» TASK REQUIREMENTS: Your answer must be a word-for-word copy of the listing, with all pictures excluded.

» SUPPLIED DATA:
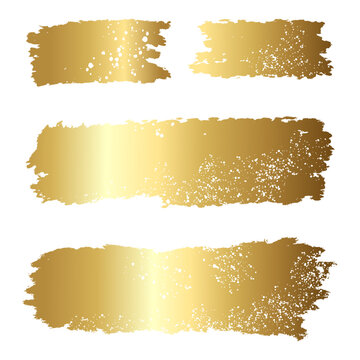Golden Metallic Brush Stroke Banner Texture Set With Glitter Splatter
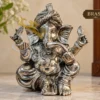 7.5 Inch Silver Finish Brass Pagdi Ganesha in a premium velvet box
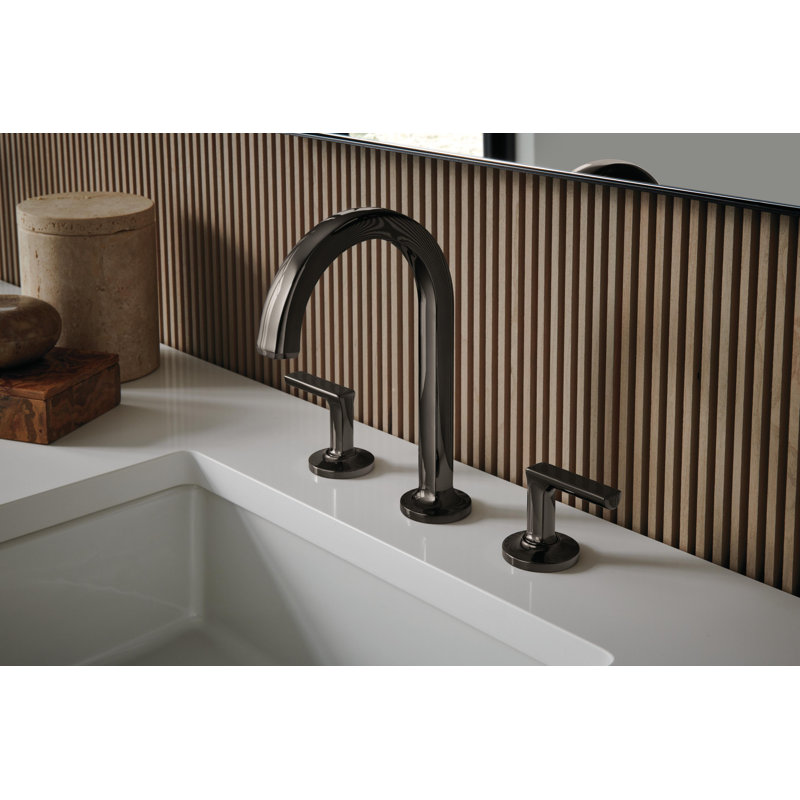 Kintsu® Widespread Lavatory Faucet with Arc Spout, Brilliance Black Onyx, 1.5 GPM, Lever Handle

» OUTPUT:
Golden Metallic Brush Stroke Banner Texture Set With Glitter Splatter
 7.5 Inch Silver Finish Brass Pagdi Ganesha in a premium velvet box
 Kintsu® Widespread Lavatory Faucet with Arc Spout, Brilliance Black Onyx, 1.5 GPM, Lever Handle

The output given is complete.